While people are outside playing sports and hiking or walking at state parks, Sec. of Health Dr. Nate Smith and Sec. of Parks, Heritage and Tourism Stacy Hurst advise Arkansans to keep at least 6-feet apart.
During Monday’s daily press briefing from Gov. Asa Hutchinson, Smith said he’s received a lot of questions about sports and being outdoors.
He said as long as a minimum of 6 feet are kept between players and those outside, spending time outdoors is a great idea. He also said people should be mindful of those around them, especially at state parks where there could be out-of-state travelers.
Hurst also spoke at the podium and reminded Arkansans that state parks are open, although the lodges and museums are closed and camping has been reduced to isolated RV units. She said parks have also moved to a contact-less camp check-in system.
“The number one thing is to practice social distancing,” Hurst said. “Even though you’re outside, avoid congregating in groups.”
Hutchinson announced during the briefing the state is up to 473 cases, which is up 47 from Sunday. He said 62 are hospitalized and Arkansas County is now reporting cases of COVID-19. He also said there are now seven deaths as a result of the virus.

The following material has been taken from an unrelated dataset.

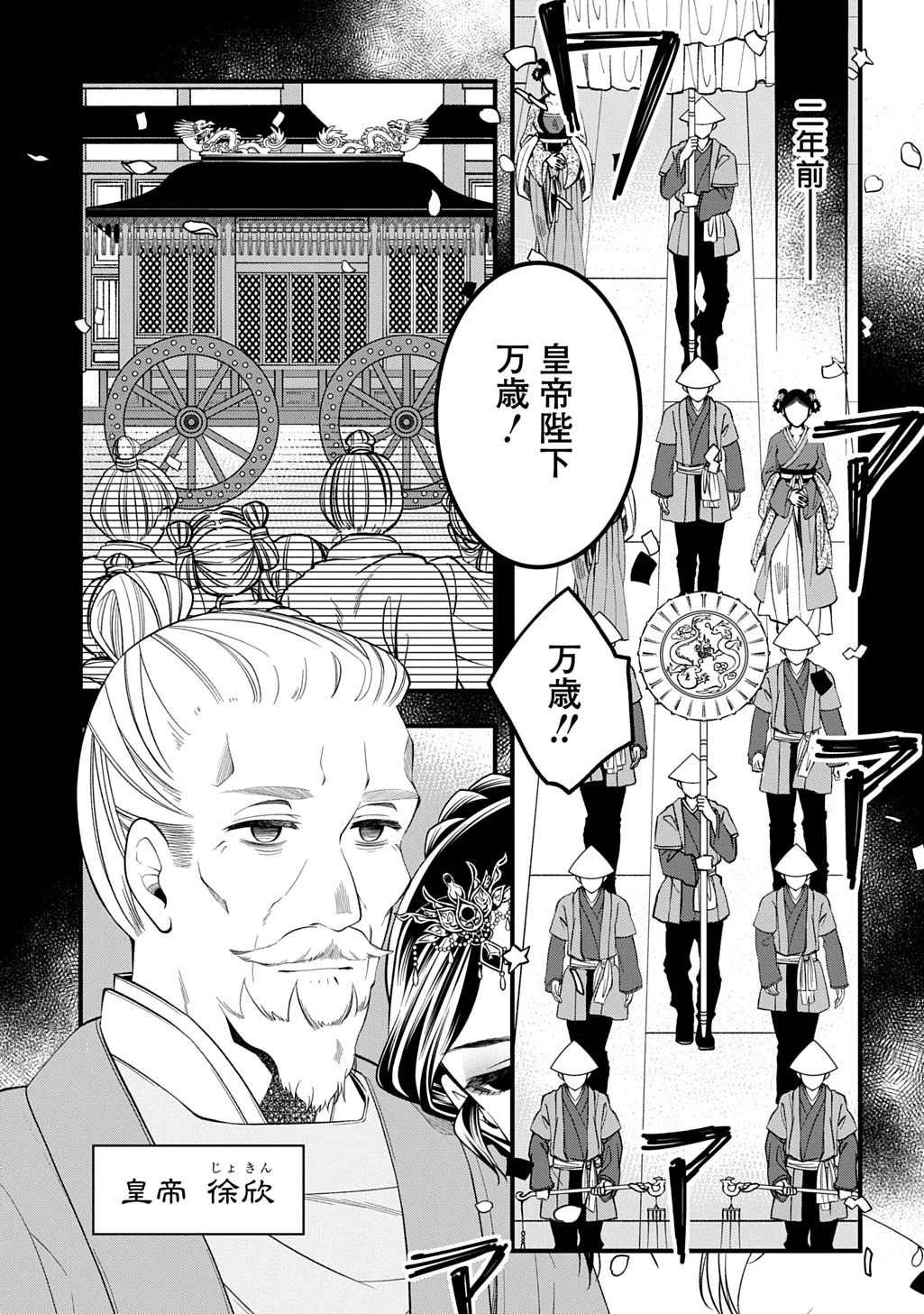 後宮の忘却妃 ―輪廻の華は官女となりて返り咲く― THE COMIC 第5.1話 - 10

Smith said the gender and racial breakdown of those diagnosed with the virus remains the same. Of the 473 cases, 17 are children 18 and younger, 149 are 65 and older, and 307 are 19-64.
He said six cases are pregnant women, 37 of those diagnosed have diabetes, 36 with heart disease, 22 with chronic lung diseases, 10 with chronic kidney disease and 12 have immunocompromising conditions. There are also 73 patients who are health care workers.
Forty-seven cases are in nursing homes with an additional nursing home with a positive test for the virus in Paragould announced today, 21 patients are on ventilators and the seventh death was someone over 65 and related to a nursing home.
Smith said two cases are known to be caused from domestic travel and there are 29 people recovered.
He said the state hasn’t seen adverse effects for those pregnant and diagnosed with the virus, nor have they seen it as a risk to babies, although he and his office are watching carefully.
Hutchinson said the number of health care professionals with a medical license has gone up since the process to receive a temporary license for physicians and nurses has been expedited, and if the need arises, the same will go for emergency medical service members as well.
Smith said the state doesn’t have a model or number to project deaths from the virus and there’s “a lot of things that go into that equation.”
He said the state is still learning from the nation about what we should estimate.
According to the Arkansas Department of Health, Union County has seven positive cases of COVID-19 and 47 have tested negative.